====== Provided records ======
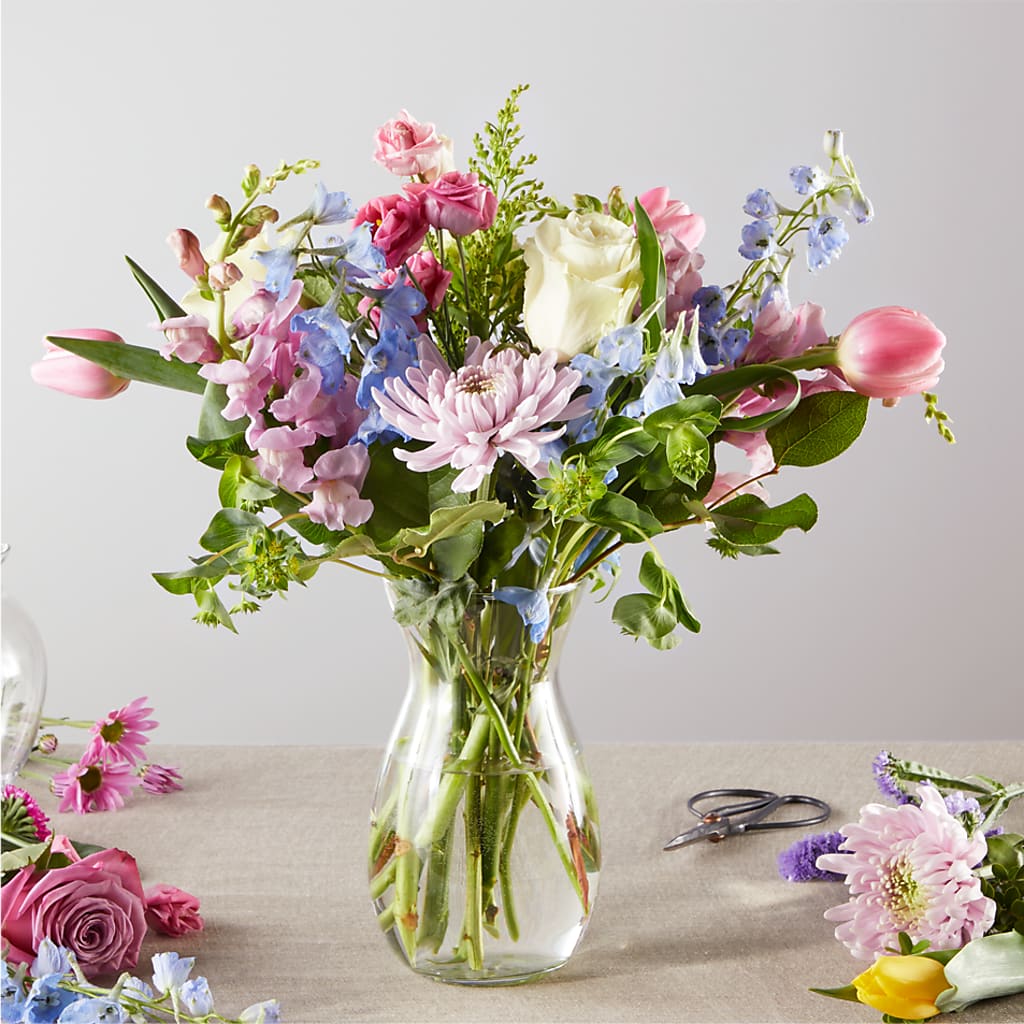 Pastel Traditions - A Florist Original – blue, lavender, pink, yellow ...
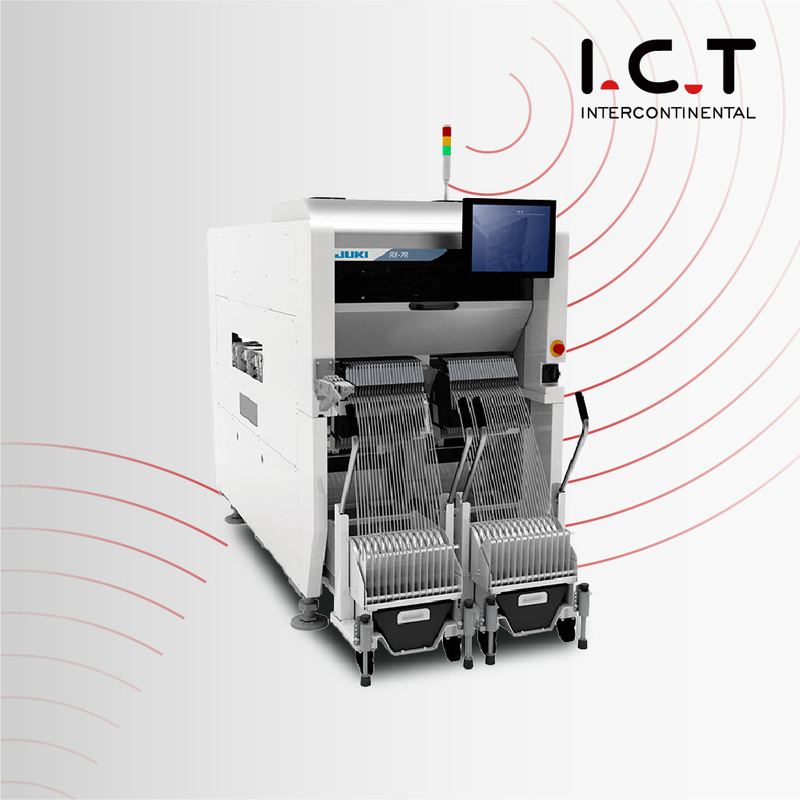 I.C.T |Cinturón de automatización JUKI SMT Cámaras Máquina de montaje de chips Bombilla Chipsat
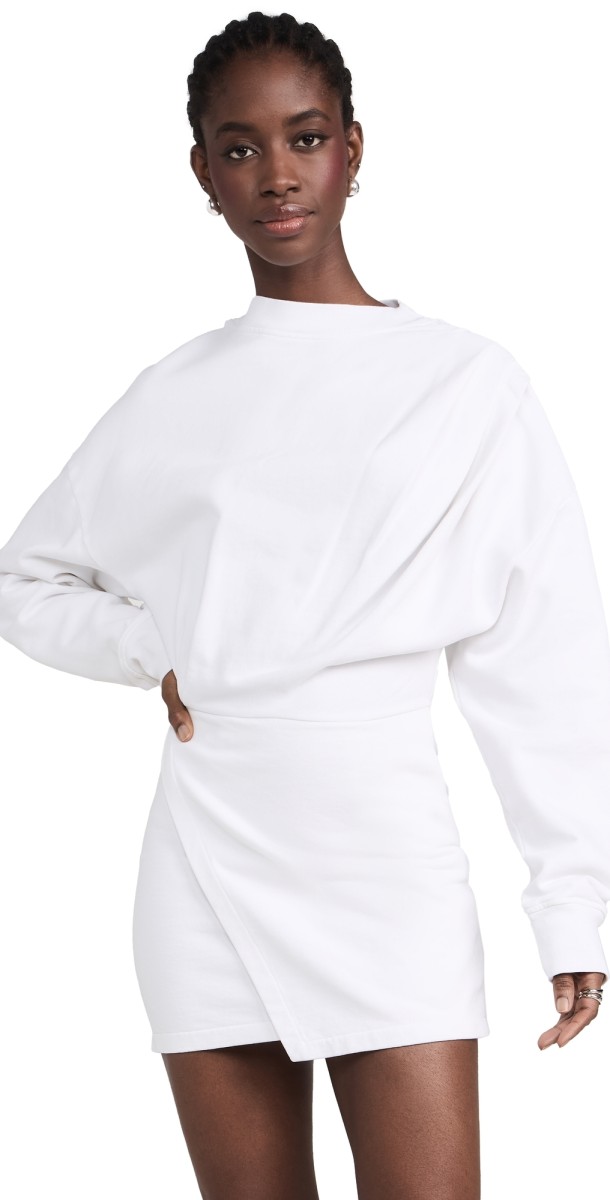 REV The Maven Sweatshirt Dress White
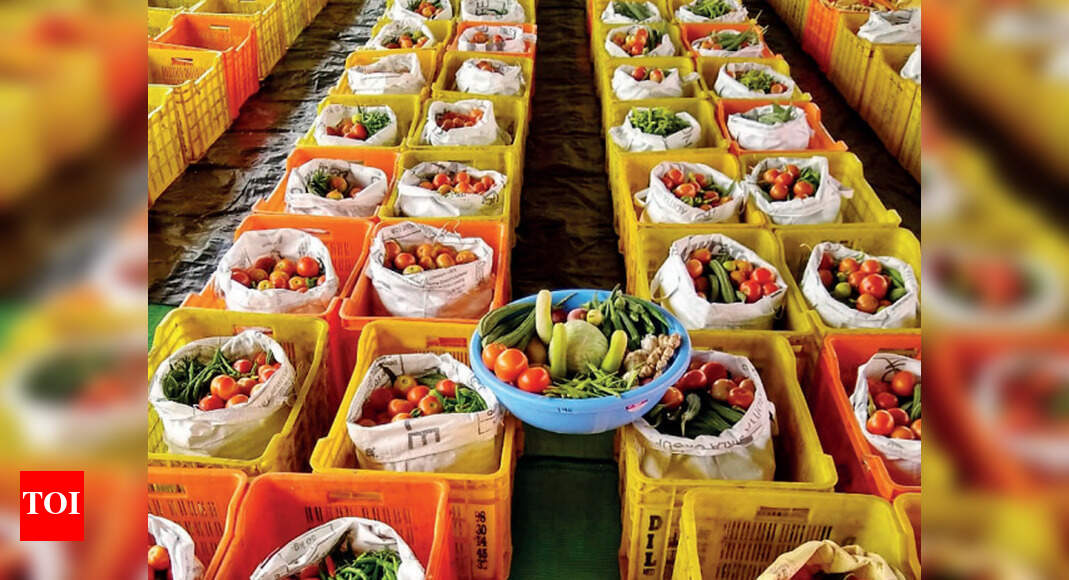 Maharashtra Farmers bring fresh packed veggies, fruits to doorstep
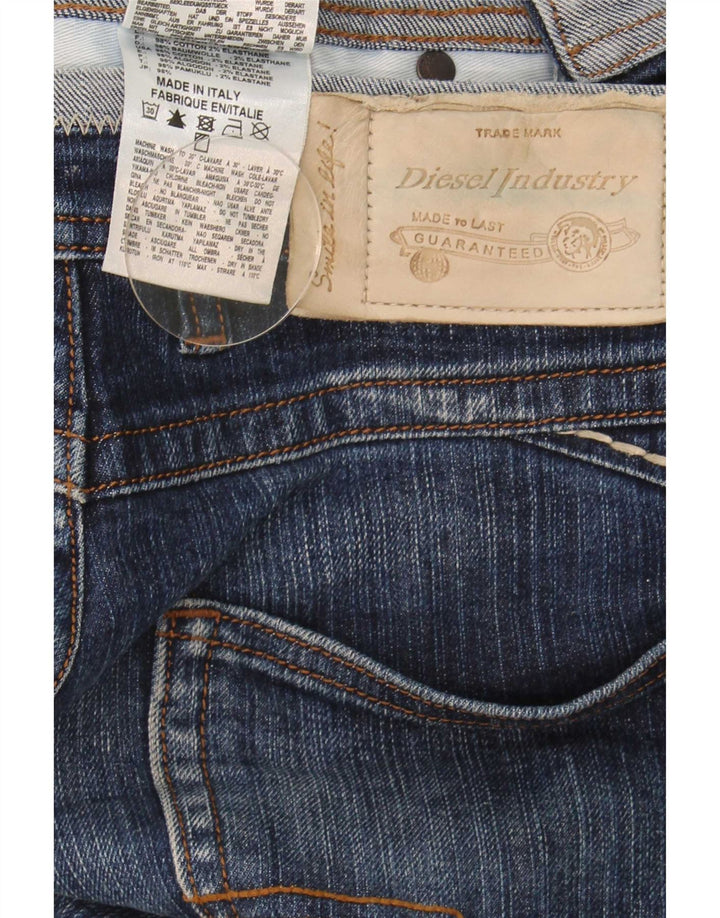 Jeans retos masculinos Diesel W30 L30 algodão azul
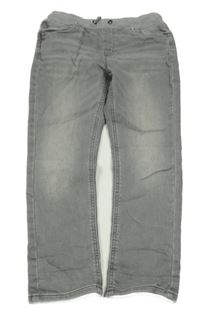 Šedé teplákové rifle s úpletovým pasem C&A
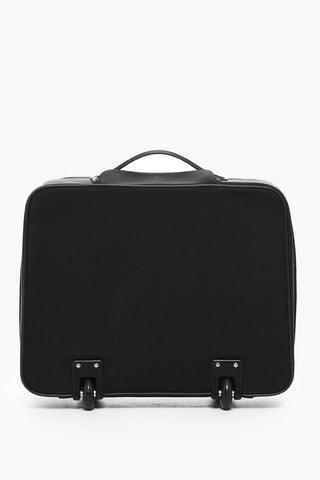 Fabric and Leather 2R Cabin Trolley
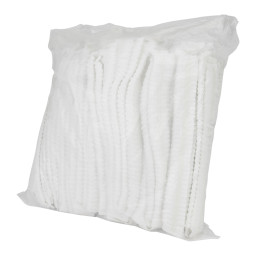 Imagen Alternativa Set de 100 Cofias (Gorros) Desechables Prensados 25G/M2 3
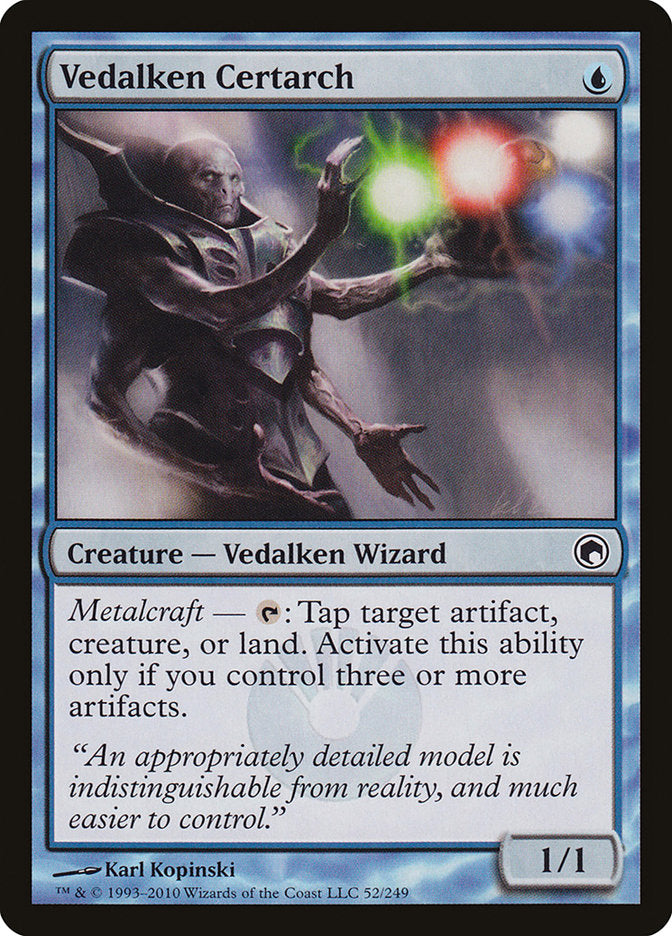 Vedalken Certarch [Scars of Mirrodin] | The Gaming-Verse
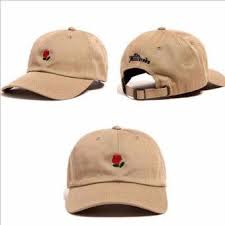 Hanyu Busana Korea Ulzzang Mawar Baru Bordir Wanita Solid Hip Pop Bisbol Topis Topi Khaki Hats For Men Strapback Hats Mens Caps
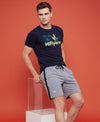 T.T. Men’s Cotton Blend | Printed Round Neck T-Shirt & Regular Fit Shorts | Casual Co-ord Set for Men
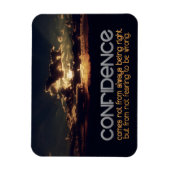 "Vertrauen" Inspiration flexibel Magnet (Vertikal)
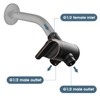 BRIGHT SHOWERS Shower Arm Diverter Valve for Hand held Showerhead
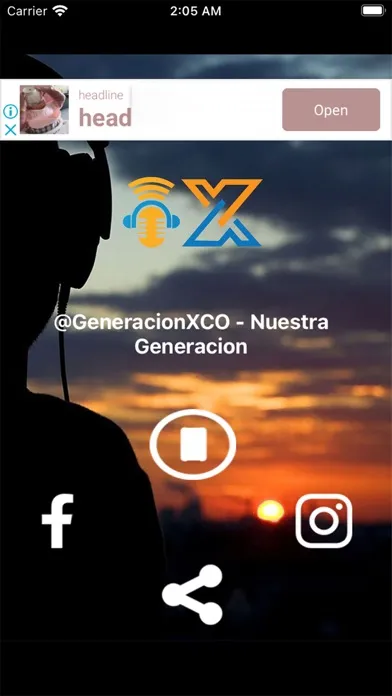 ภาพหน้าจอของ GeneracionX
======
Requirement: Word for word, please reproduce each entry above and leave out every picture.

Task output:
 Pastel Traditions - A Florist Original – blue, lavender, pink, yellow ...
 I.C.T |Cinturón de automatización JUKI SMT Cámaras Máquina de montaje de chips Bombilla Chipsat
 REV The Maven Sweatshirt Dress White
 Maharashtra Farmers bring fresh packed veggies, fruits to doorstep
 Jeans retos masculinos Diesel W30 L30 algodão azul
 Šedé teplákové rifle s úpletovým pasem C&A
 Fabric and Leather 2R Cabin Trolley
 Imagen Alternativa Set de 100 Cofias (Gorros) Desechables Prensados 25G/M2 3
 Vedalken Certarch [Scars of Mirrodin] | The Gaming-Verse
 Hanyu Busana Korea Ulzzang Mawar Baru Bordir Wanita Solid Hip Pop Bisbol Topis Topi Khaki Hats For Men Strapback Hats Mens Caps
 T.T. Men’s Cotton Blend | Printed Round Neck T-Shirt & Regular Fit Shorts | Casual Co-ord Set for Men
 "Vertrauen" Inspiration flexibel Magnet (Vertikal)
 BRIGHT SHOWERS Shower Arm Diverter Valve for Hand held Showerhead
 ภาพหน้าจอของ GeneracionX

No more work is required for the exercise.